This chapter describes the Heart Team and its development, inclusion of different specialties, tools for decision-making, and validation of the concept. Also discussed are its potential limitations.

The need for a Heart Team

Accumulating evidence suggest that decision-making in its current form may not be optimal; these is clear variability of care, and treatment recommendations are not always appropriate.

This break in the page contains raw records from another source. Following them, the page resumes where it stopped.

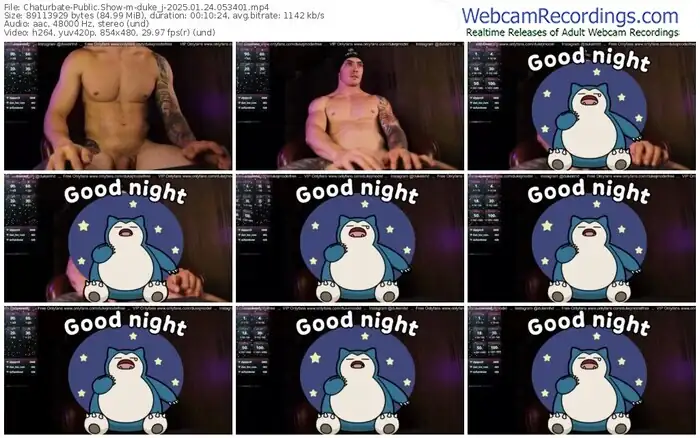 2025/01/24/chaturbate-duke_j-05-34-01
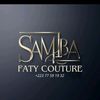 sambafatycouture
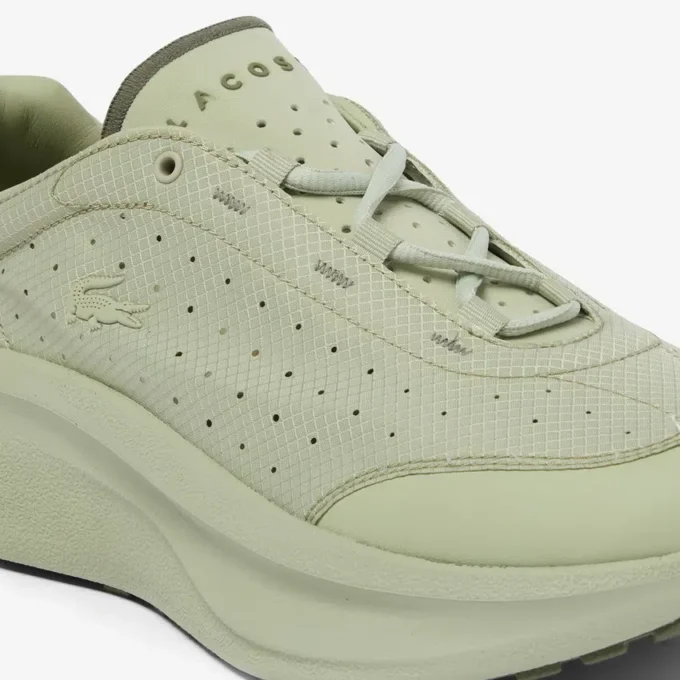 Sapatilhas Neo Run Active para homem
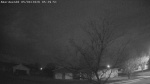 Web Cam Image - Mon, 05/04/2026 4:19am CDT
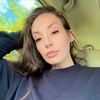 tiffanynicole1414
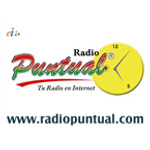 Radio Puntual Internacional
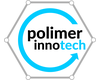 Polimer Inno Tech - zdjęcie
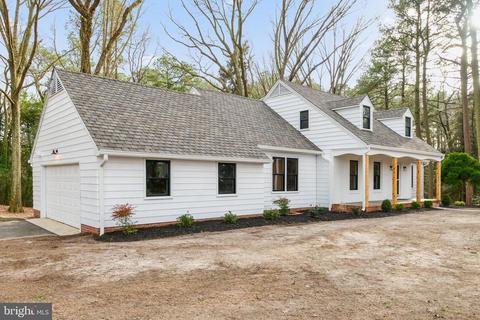 715 Camellia Rd, Salisbury, MD 21804 photo 50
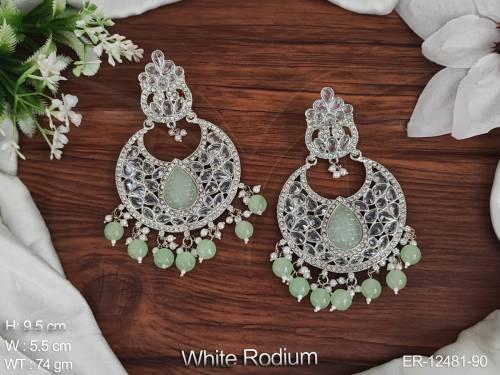 ER-12481-90-MINT GREEN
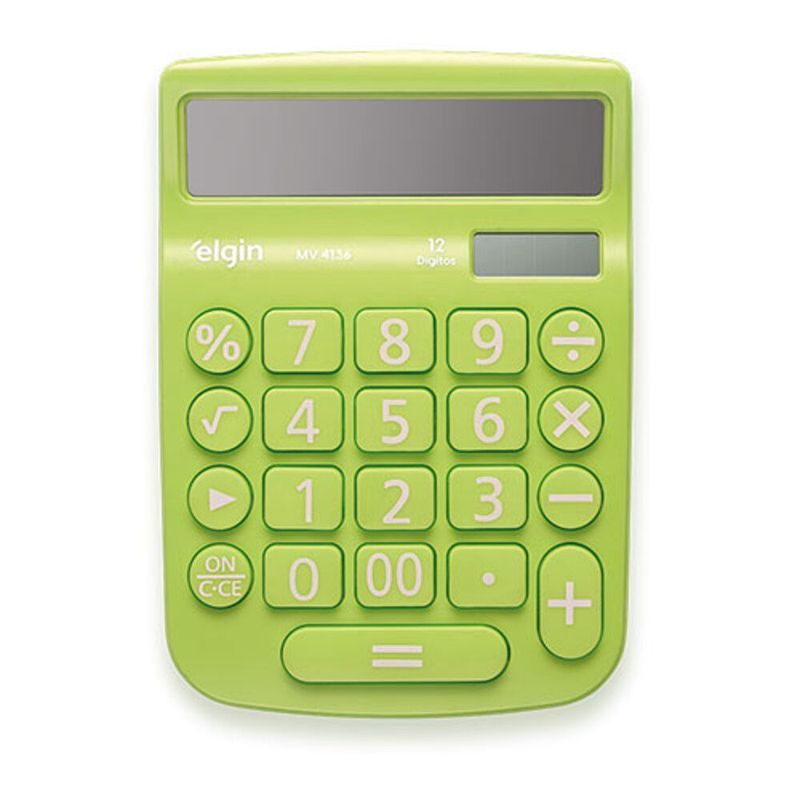 calculadora-de-mesa-com-visor-elgin-12-digitos-verde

Data from the Euro Heart survey suggested that there were geographical differences among decisions to perform SAVR on patients with severe AS: 57% received SAVR in Eastern Europe while 73% in Western Europe [32]. In the European Association for Cardio-Thoracic Surgery (EACTS) database that included over one million patient records from 29 countries, the number of coronary procedures versus valvular procedures of the total case load was very diverse among countries, suggesting that decisions to perform surgery differ [33]. Strong evidence of variance in treatment for CAD comes from the Organization of Economic Cooperation and Development (OECD) that reported the number of CABG and PCI procedures of countries. In 2007, the mean PCI-to-CABG ratio among 24 countries throughout the world was 3.29 [34]. However, the ratio ranged from 0.67 in Mexico to 8.63 in Spain. Remarkably, there were severe discrepancies even in small neighbouring countries the Netherlands and Belgium, the number of CABG procedures per 100,000 inhabitants was 58.2 versus 135.4, respectively, and the number of PCI procedures 140.3 versus 435.1, respectively. There may be some differences in baseline patient characteristics accounting for part of the variance, but it is likely that it is multifactorial taking into consideration economic and reimbursement incentives, as well as clinician-related factors [28].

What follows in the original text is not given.